Mansion House, early-20th century
Mansion House in 1946
Mansion House in 2012

The Joseph Smith Mansion House in Nauvoo, Illinois is a large residence first occupied by Joseph Smith, the founder of the Latter Day Saint movement. Smith used the house as a personal home, a public boarding house, a hotel, and as a site for the performance of temple ordinances.

In January 1841, Smith declared in a revelation that Latter Day Saint Robert D. Foster should fulfill the contract he had entered into to build a house for Smith to live in.[1] The house was constructed by Foster, and the Smith family moved into the Mansion House on August 31, 1843.[2] The house was a two-storey building built of white pine in the Greek Revival style.[3]

Initially, Smith used the house to entertain guests in Nauvoo, giving visitors free room and board.

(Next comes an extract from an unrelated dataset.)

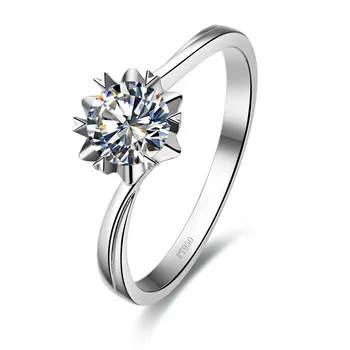 Snowflake Design Solid 18K White Gold Brand Moissanite Jewelry 0.5CT Solitaire Moissanite Diamond Positive Engagement Ring
Snowflake Design Solid 18K White Gold Brand Moissanite Jewelry 0.5CT Solitaire Moissanite Diamond Positive Engagement Ring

However, because he was unable to cover the expenses that this free lodging entailed, Smith began charging guests in September 1843 and running the Mansion House as a hotel. A sign posted on the front of his house on September 15, 1843 read:

In consequence of my house being constantly crowded with strangers and other persons wishing to see me, or who had business in the city, I found myself unable to support so much company free of charge, which I have done from the foundation of the Church. My house has been a home and restingplace for thousands, and my family many times obliged to do without food, after having fed all they had to visitors; and I could have continued the same liberal course, had it not been for the cruel and untiring persecution of my relentless enemies. I have been reduced to the necessity of opening "The Mansion" as a hotel. I have provided the best table accommodations in the city; and the Mansion, being large and convenient, renders travelers more comfortable than any other place on the Upper Mississippi. I have erected a large and commodious brick stable, and it is capable of accommodating seventy-five horses at one time, storing the requisite amount of forage, and is unsurpassed by any similar establishment in the State.[4]

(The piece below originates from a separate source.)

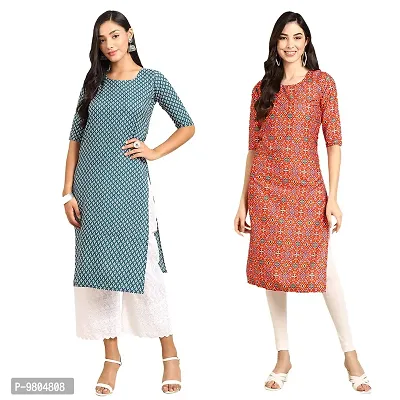 Stylish Digital Printed Woman Crepe Multicolored Kurtis Pack of 2-thumb0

At one point Smith had installed a bar, but quickly reversed his action at the request of his wife, Emma.[5] In January 1844, Smith leased the hotel to Ebenezer Robinson, who continued to operate it.[6]

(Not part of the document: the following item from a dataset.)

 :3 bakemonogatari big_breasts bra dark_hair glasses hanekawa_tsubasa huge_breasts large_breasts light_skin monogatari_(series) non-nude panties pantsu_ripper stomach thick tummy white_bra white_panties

The mummies and papyri from which the Book of Abraham is claimed to be derived were also displayed to visitors in the mansion house for 25 cents.[7]

Prior to the completion of the Nauvoo Temple, Smith performed some temple ordinances in the Mansion House.[8]

After Smith and his brother Hyrum were killed in Carthage Jail in June 1844, their bodies were displayed in the Mansion House, where approximately ten thousand people viewed the bodies on June 29.[9] George Q. Cannon constructed the Smiths' death masks in the house.[10]

Emma Smith and her children continued to live in the Mansion House. After Emma Smith married Lewis C. Bidamon in 1847, they lived in the house until 1869, when they moved to the Nauvoo House. In the 1890s, the hotel wing of the home was removed.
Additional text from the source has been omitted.